The COM interface contract rules exist for a reason

Date:November 1, 2005 / year-entry #329
Tags:code
Orig Link:https://blogs.msdn.microsoft.com/oldnewthing/20051101-54/?p=33533
Comments:    17
Summary:Some people believe that the COM rules on interfaces are needlessly strict. But the rules are there for a reason. Suppose you ship some interface in version N of your product. It's an internal interface, not documented to outsiders. Therefore, you are free to change it any time you want without having to worry about breaking...

Some people believe that the COM rules on interfaces are needlessly strict. But the rules are there for a reason.

Suppose you ship some interface in version N of your product. It's an internal interface, not documented to outsiders. Therefore, you are free to change it any time you want without having to worry about breaking compatibility with any third-party plug-ins.

But remember that if you change an interface, you need to generate a new Interface Identifier (IID). Because an interface identifier uniquely identifies the interface. (That's sort of implied by its name, after all.)

And this rule applies even to internal interfaces.

Suppose you decide to violate this rule and use the same IID to represent a slightly different interface in version N+1 of your program. Since this is an internal interface, you have no qualms about doing this.

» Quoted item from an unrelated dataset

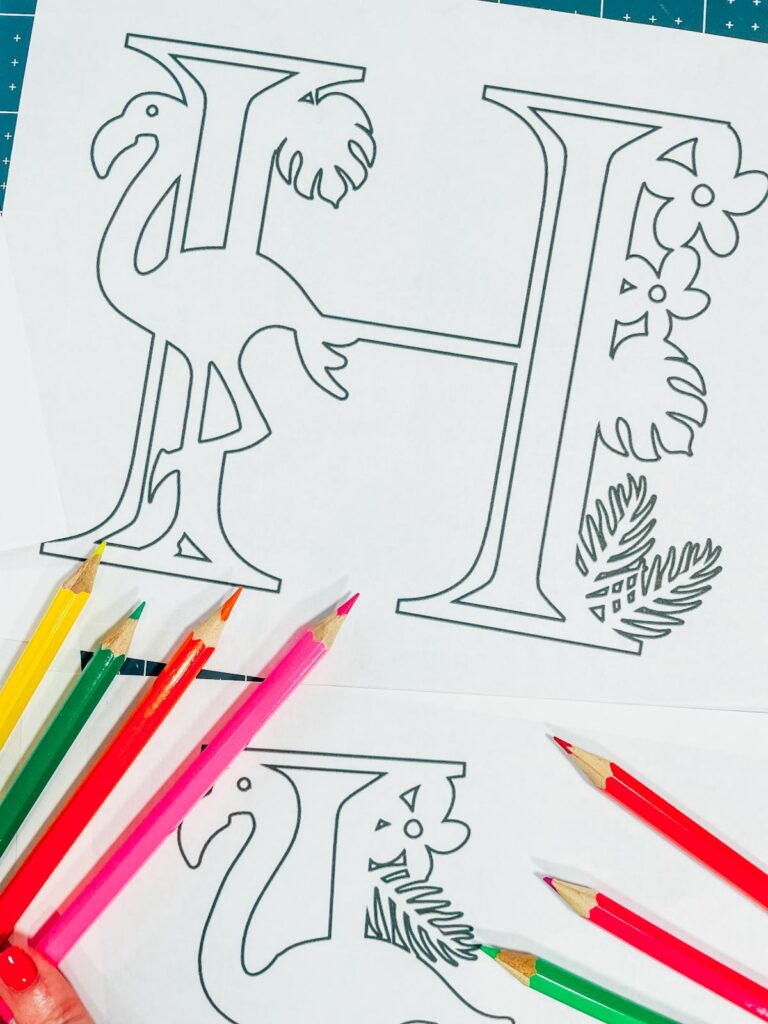 Bright Flamingo ABC colouring pages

Until you have to write a patch that services both versions.

Now your patch is in trouble. It can call IUnknown::QueryInterface and ask for that IID, and it will get something back. But you don't know whether this is the version N interface or the version N+1 interface. If you're not even aware that this has happened, your patch will probably just assume it has the version N+1 interface, and strange things happen when it is run on version N.

Debugging this problem is not fun. Neither is fixing it. Your patch has to use some other cues to decide which interface it actually got back. If your program has been patched previously, you need to have the version numbers of every single patch so that you can determine which version of the interface you have.

Note that this dependency can be hidden behind other interfaces. Consider:

[
    uuid("ABC")
]
interface IColorInfo
{
    HRESULT GetBackgroundColor([out] COLORREF *pcr);
    ...
};

[
    uuid("XYZ")
]
interface IGraphicImage
{
    ...
    HRESULT GetColorInfo([out] IColorInfo **ppci);
};

Suppose you want to add a new method to the IColorInfo interface:

[
    uuid("DEF")
]
interface IColorInfo
{
    HRESULT GetBackgroundColor([out] COLORREF *pcr);
    ...
    HRESULT AdjustColor(COLORREF clrOld,
                        COLORREF clrNew);
};

[
    uuid("XYZ")
]
interface IGraphicImage
{
    ...
    HRESULT GetColorInfo([out] IColorInfo **ppci);
};

You changed the interface, but you also changed the IID, so everything is just fine, right?

No, it isn't.

The IGraphicImage interface is dependent upon the IColorInfo interface. When you changed the IColorInfo interface, you implicitly changed the IGraphicImage::GetColorInfo method, since the returned interface is now the version N+1 IColorInfo interface.

Consider a patch written with the version N+1 header files.

void AdjustGraphicColorInfo(IGraphicImage* pgi,
                            COLORREF clrOld, COLORREF clrNew)
{
 IColorInfo *pci;
 if (SUCCEEDED(pgi->GetColorCount(&pci)) {
  pci->AdjustColor(clrOld, clrNew);
  pci->Release();
 }
}

If run against version N, the call to IGraphicImage::GetColorCount will return a version N IColorInfo, and that version doesn't support the IColorInfo::AdjustColor method. But you're going to call it anyway. Result: Walking off the end of the version N vtable and calling into space.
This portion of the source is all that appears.